Reading Wanna, J 2007, Improving Federalism: Drivers of Change, Repair Options and Reform Scenarios, The Australian Journal of Public Administration, vol. 66, no. 3, pp 275-279. Purpose The author aims to inform the readers of the impediments and declining condition of the current system of Australian Federalism, he provides evidence for the need to change and provides reforms on how to make governance work better to provide improved policy outcomes for the Australian community. Argument/Finding
The author emphasized the separate but often blurred responsibilities between the three levels of government. The mistrust, competition for policy space, and uncoordinated resources between the governments, as wasteful and damaging to the delivery of vital services – water, [climate change], infrastructure and [congestion] – climate change and congestion are not ‘vital services’ but problems to be addressed by the government. Need for greater clarity of government functions, roles and responsibilities was highlighted.
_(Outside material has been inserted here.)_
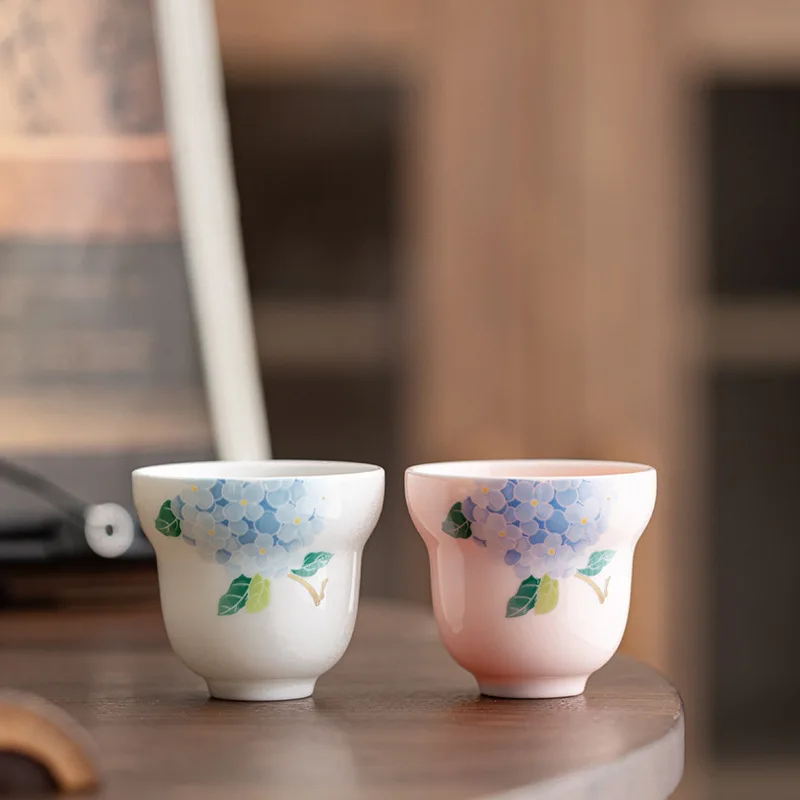 Gourd Ceramic Teacup Chinese Kung Fu Gongfu Teaware Porcelain Tea Cup Handmade Hydrangea Master Tea Cup Drinkware Ceremony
The need for the Commonwealth and the states to agree on the parameters of their separate roles in order to reduce the duplicate administrative structures that had arisen between the two governments. Federalism was in decline internationally due to markets becoming more national and global. Local or regional identity was diminishing due to technological advancements in communications and media. Renew review of micro-economic agendas and cooperation between Commonwealth and states in the rationalisation of regulations and uniformity of standards and regulations to resolve globalisation issues to a degree.
To ensure that the states either have the capacity to raise their own funds, or receive a sufficient share of overall tax revenue, to allow them to fulfil their responsibilities. The conclusion was a consensus that greater levels of trust would be needed to make federalism work better and provide enhanced policy outcomes for the Australian community. Evidence Abolishing Federalism or moving to a unitary Government is not the [answer to globalisation? ]. In fact there is growing evidence that Federalism is better in tackling globalisation issues. For example, governments around the world ave responded to the pressures of globalisation by introducing subsidiarity to obtain the economic advantages of globalisation, while at the same time decentralising power and conferring greater functions and responsibilities on sub-national states and regions. Agreements about shared responsibilities, enhancing central coordinating bodies like the COAG, joint ministerial councils will help enhance policy processes to produce better alignment of policies and administrative activities between the Commonwealth and the states. 276 276 Observations
The reading is a summary of comments, opinions and discussions that occurred during the roundtable forum attended by around 50 participants comprising of politicians, Commonwealth and state public servants and academics regarding the effectiveness of the current Australian federalism and how this affects government activities and policy agenda. The article was not used by the author to express his opinion. The author through the piece, based on the roundtable discussion, was able to impart to the readers that the issue was not between whether Australia remains federal or not.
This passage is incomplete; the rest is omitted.